Two relationships have come to their inevitable ends this week, and it's left me a little sad.
We'd been together for months, spent lots of time in each other's company, got rather close, but that's the way it goes in this writing life.
Allow me to introduce you to who I'm saying my goodbyes...
The small one in the foreground is the notebook I keep with me just about everywhere, and whip out for a scribble when an idea strikes. It's pocket sized, robust, and ideal for the job.
The larger one in the background is the formal A4 notebook, for the outlines of courses I'm giving, plus plans for stories, settings and characters.
I did something I probably shouldn't and went through them before putting them in the corner that full notebooks go in my study, and wow! Did that trigger some memories.
Stories that had worked out well, others that hadn't, characters I'd come to love, places I've visited to give talks - so many memories in a few pages of paper.

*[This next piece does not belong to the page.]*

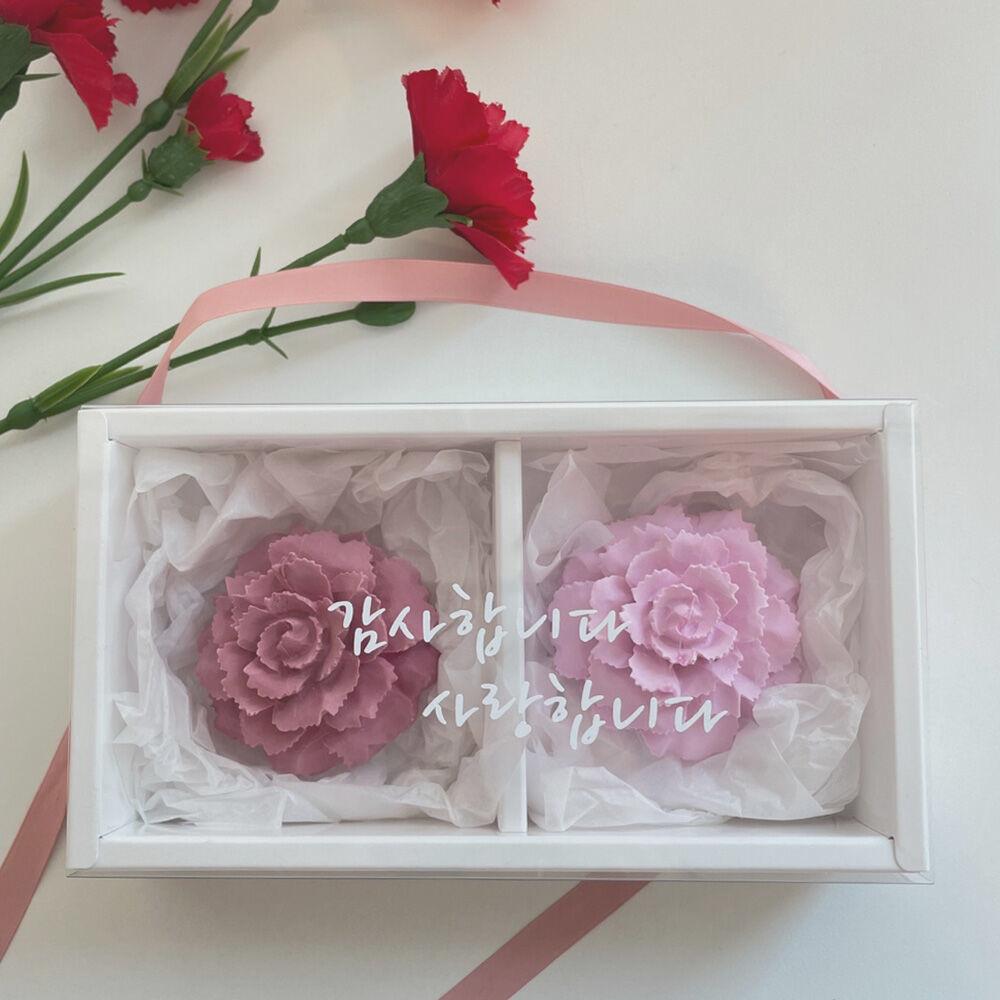 차량용방향제 카네이션 차량용석고방향제 2개세트 어버이날 스승의날 감사선물  가정의달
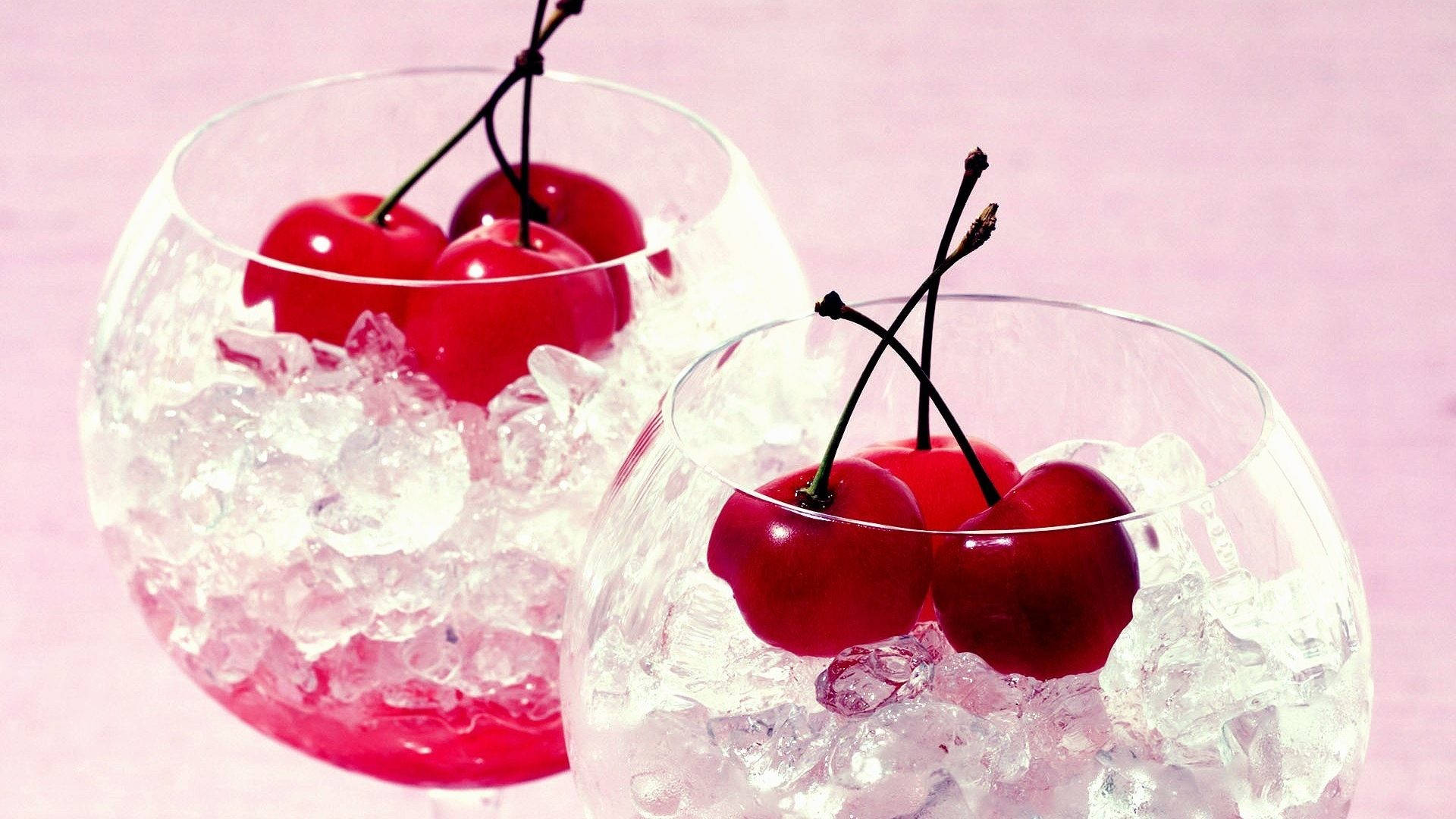 Cherry Fruits In Dessert Glass Background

Is it me, or is it a writerly thing to develop an attachment to inanimate objects in this way? Or do they become more like friends, because of the time we spend together and how we confide our innermost thoughts to them?
Anyway, it's been strange this week, no longer having them around. And perhaps this is just a temporary thing, but I'm finding it harder to write in their replacements.
Maybe it's just a question of time, and new and beautiful relationships will develop there. I certainly hope so.
Before I end my musings, a quick final thought - much of this blog has been downbeat, and I don't like to leave on a low, as you may have noticed, so... beware...
I also use the smaller notebook for jokes, and here's a favourite from its pages to end -
I saw a man in an AA van, driving along, and he was looking very sad, really miserable. And I thought to myself... that poor bloke is heading for a breakdown!